The via Domitiana is not to be confused with the similar-sounding via Domitia in France.

Via Domiziana is the modern name for the Via Domitiana in the Campania region of Italy, a major Roman road built in 95 AD under (and named for) the emperor, Domitian, to facilitate access to and from the important ports of Puteoli (modern Pozzuoli) and Portus Julius (home port of the western Imperial fleet, consisting of the waters around Baiae and Cape Misenum) in the Gulf of Naples.

The Via Domitiana was not built from scratch, but was based on an existing road and it also used works undertaken in the Neronian period for the construction of the Fossa Neronis (the canal intended to connect Rome to Pozzuoli).

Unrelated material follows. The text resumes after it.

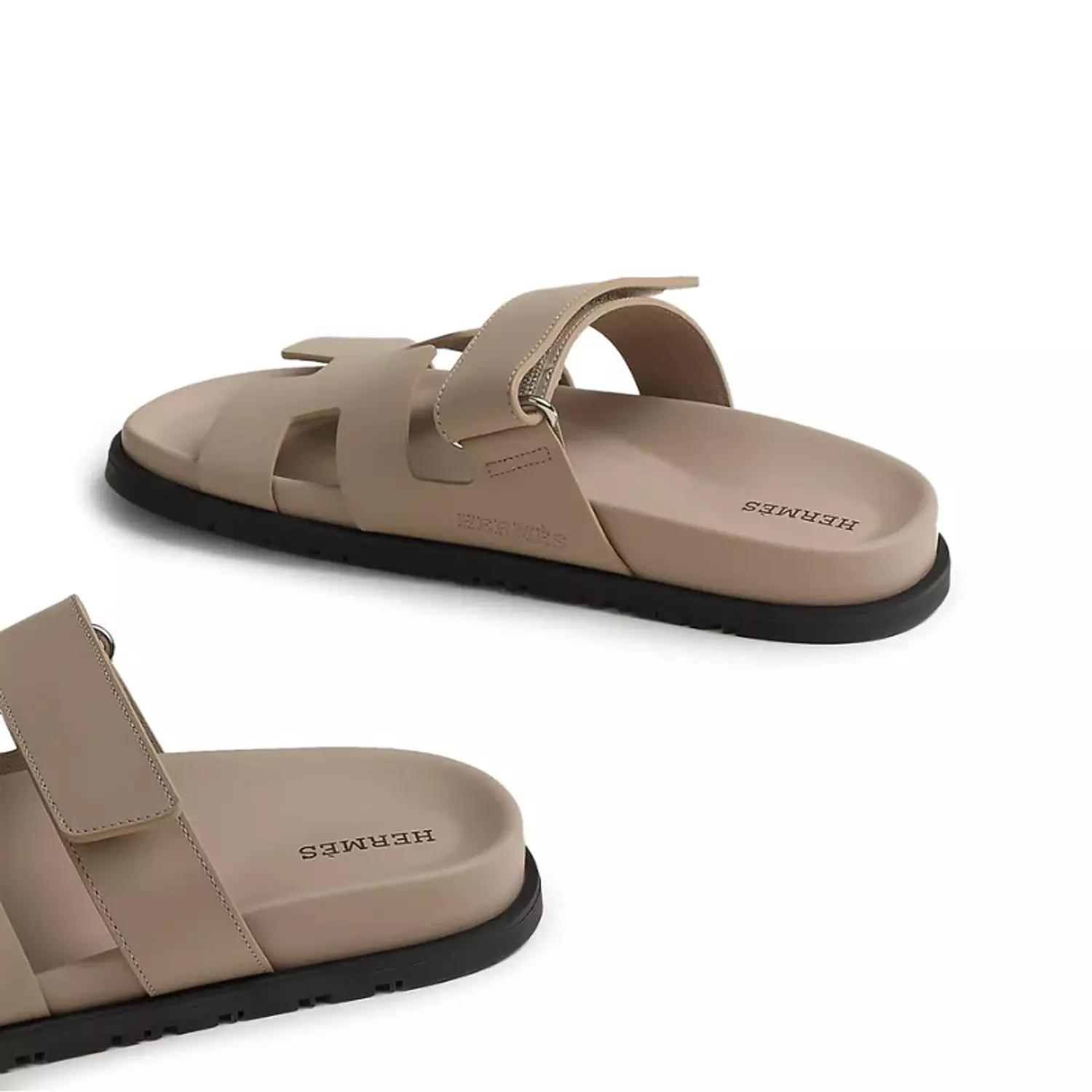 Hermes Chypre Sandal – Beige Mastic Calfskin Leather 4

The road left the Appian Way at Formiae or Sinuessa. It followed the coast and crossed the rivers Savona and Volturna, passed through an area of coastal lagoons by Linterne and Cumae and ended in Pozzuoli. In 102 Trajan extended the Via Domitiana to Naples.

It was damaged by Alaric in 420 AD and ultimately destroyed by Gaiseric in 455 AD. It was partially restored under various rulers of the Kingdom of Naples in the Middle Ages and in its modern guise is a major coast road leading north from Naples.

Statius wrote an entire poem on the theme of Via Domitiana. He recalled the progress made by the new road and praised the Emperor. The poem is also an interesting testimony on the construction of roads under the Roman Empire.